En approuvant le texte dans les mêmes termes que le Sénat, les députés ont mis un terme à son examen parlementaire, qui intervient donc un peu plus tôt que prévu. Il faut y voir la volonté de la majorité de ne pas prolonger le débat, dans un contexte marqué par la poursuite des manifestations des opposants à la réforme et par certains dérapages.
Avant même ce vote ultime, l'article 1 du texte, qui introduit, au sein du Code civil, un nouvel article 143 précisant que "le mariage est contracté par deux personnes de sexe différent ou de même sexe", avait déjà été scellé. Les sénateurs avaient en effet approuvé cet article dans une rédaction semblable à celle de l'Assemblée nationale.
Les officiers d'état civil célébreront l'union de couples de même sexe dans les mêmes conditions que celle de couples hétérosexuels et tous bénéficieront des mêmes droits. Les homosexuels français résidant dans un pays qui ne reconnaît pas le mariage gay pourront être mariés dans une commune française.
Lieu du mariage : des possibilités plus grandes
Parmi les nouveaux droits des homosexuels figure aussi celui de l'adoption, qu'il s'agisse de l'adoption conjointe d'un enfant par les deux époux ou de l'adoption de l'enfant du conjoint.

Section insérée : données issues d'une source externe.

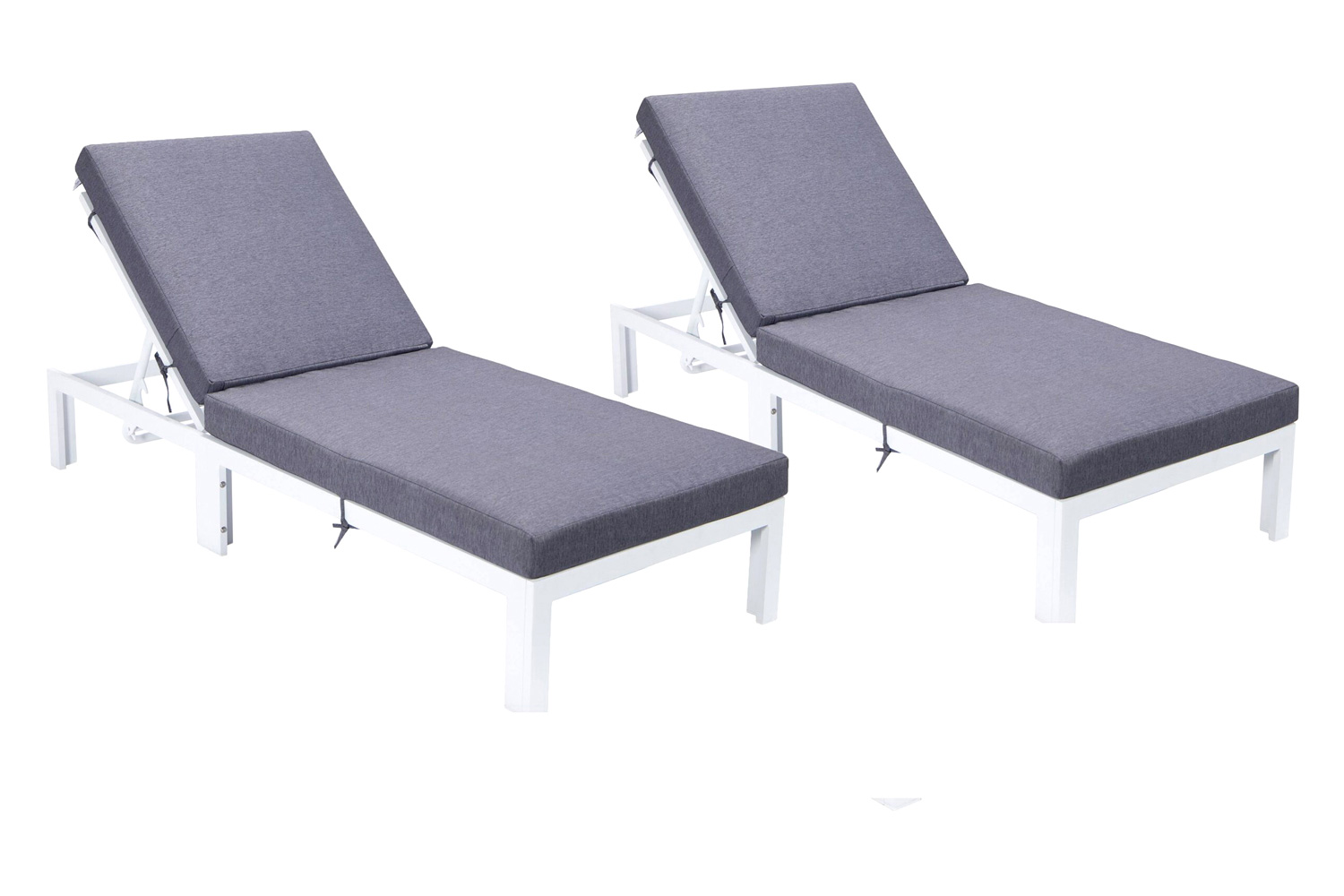 LeisureMod Chelsea Modern Outdoor Weathered Gray Chaise Lounge Chair with Cushions (Set Of 2)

Juridiquement, l'accès des couples homosexuels au mariage n'entraîne pas de toilettage complet du Code civil pour y remplacer les expressions "père" et "mère" par le terme plus neutre de "parents". Les parlementaires ont en effet jugé plus simple de préciser, en tête des livres Ier et III de ce code, que les dispositions applicables aux couples hétérosexuels le sont aussi aux couples de même sexe – à l'exclusion des dispositions relatives à la filiation. Parallèlement, ils ont rendu applicable aux couples de personnes de même sexe l’ensemble des dispositions législatives en vigueur, autres que celles du Code civil, lorsque ces dispositions font référence aux termes de "mari" et "femme", "père" et "mère" ou "veuf" et "veuve".
Le projet de loi comporte en outre des dispositions qui concernent l'ensemble des couples.

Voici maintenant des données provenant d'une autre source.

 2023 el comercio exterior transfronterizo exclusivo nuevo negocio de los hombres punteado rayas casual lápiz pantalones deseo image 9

Ainsi, suite à un amendement de Jacques Pélissard, député-maire de Lons-le-Saunier et président de l'Association des maires de France (AMF), les possibilités concernant le lieu du mariage sont étendues. Les futurs époux pourront en effet se marier à la mairie du lieu de résidence de leurs parents. Ce souhait est exprimé par de nombreux couples. Certes, dans la pratique, les mairies répondent déjà souvent favorablement à leurs demandes. Mais officiellement, la loi ne l'autorisait pas. "Nous régularisions la situation en indiquant qu'il s'agit d'une adresse de résidence", confiait par exemple, lors des débats, la député-maire de Morteau, Annie Genevard.
On peut aussi citer la disposition du texte précisant dans le Code civil que la cérémonie du mariage est "républicaine", même si elle a une dimension plus symbolique.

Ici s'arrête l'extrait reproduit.